Paramount Global revenue disappoints on slow subscriber growth, weak ad market By Reuters

© Reuters. FILE PHOTO: Toy figures of people are seen in front of the displayed Paramount + logo, in this illustration taken January 20, 2022. REUTERS/Dado Ruvic/Illustration

(Reuters) -Paramount Global Inc missed first-quarter revenue estimates on Thursday as it added fewer subscribers at its flagship streaming service and advertisers cut back on spending in a challenging economic environment.

Shares of the New York-based company, formerly known as ViacomCBS (NASDAQ:), fell nearly 13% in trading before the bell. They have gained more than 35% so far this year.

Paramount faces tough competition from established players such as Netflix (NASDAQ:) and Walt Disney (NYSE:) Co’s Disney+, despite ramping up investments in original content to attract subscribers to its streaming platform.

Paramount+, the company’s flagship streaming platform, added 4.1 million subscribers during the quarter, compared with 9.9 million in the preceding quarter.

Several factors, including higher prices, softening consumer demand across products and services, and weak markets, have forced companies to pull back on advertising spending.

Sales for its TV media segment declined 8% from a year earlier, with advertising revenue down 11%.

Revenue at the company was $7.27 billion in the first quarter ended March 31, compared with analysts’ average estimate of $7.42 billion, according to Refinitiv IBES data.

Overall, revenue in the company’s direct-to-consumer unit, which includes streaming platforms Paramount+ and PlutoTV, grew 39% in the first quarter.
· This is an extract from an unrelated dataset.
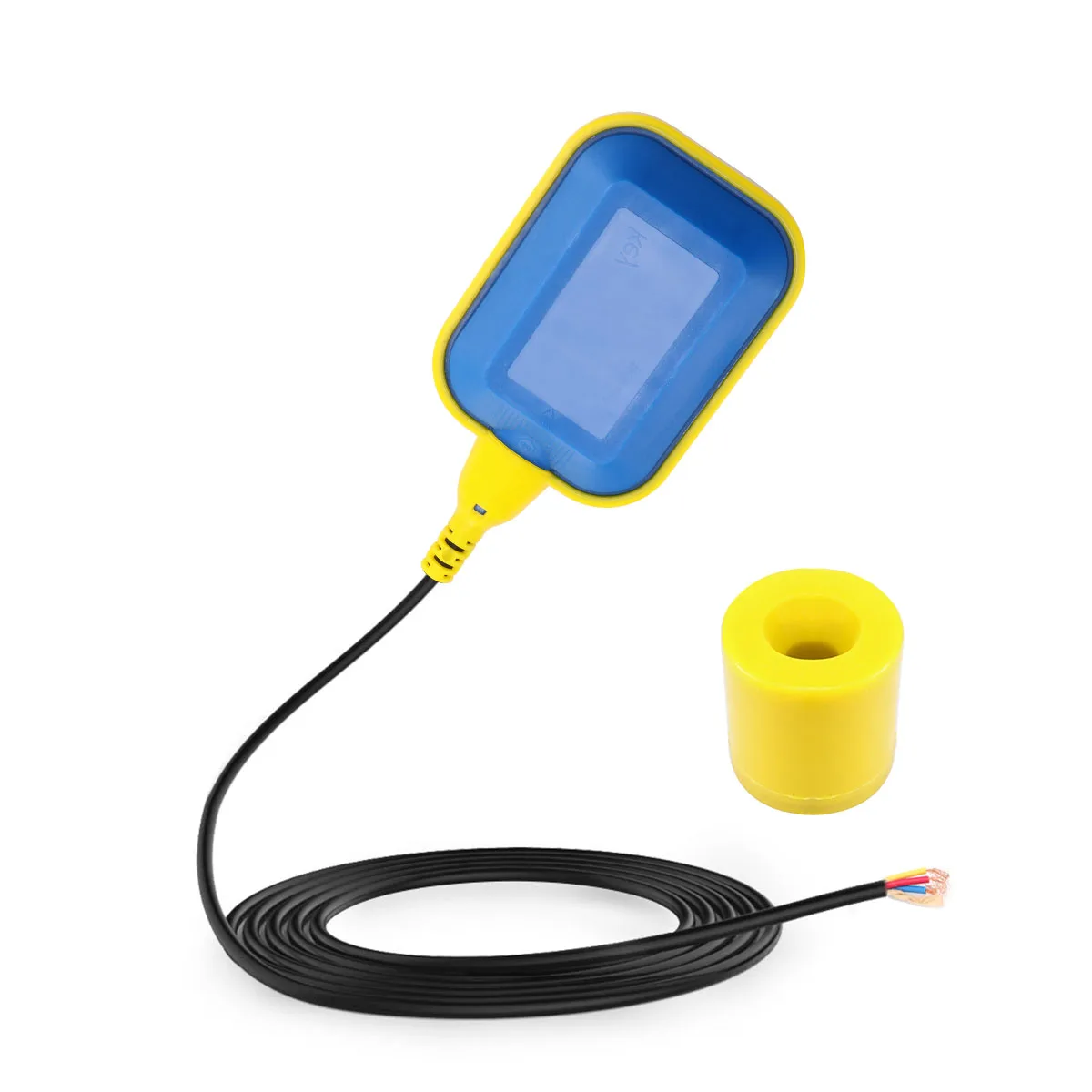 Домашний контроллер поплавковый выключатель переключатели жидкости датчик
Revenue from its filmed entertainment business, which makes and distributes movies and TV shows, fell 6%.

Investment in original content and expansion of its streaming platform are also driving cash burn for the owner of the CBS network.

Operating loss stood at $1.23 billion during the quarter, compared with an operating income of $775 million a year earlier.

On an adjusted basis, the company earned 9 cents per share, below Wall Street’s estimate of 17 cents per share, according to Refinitiv IBES data.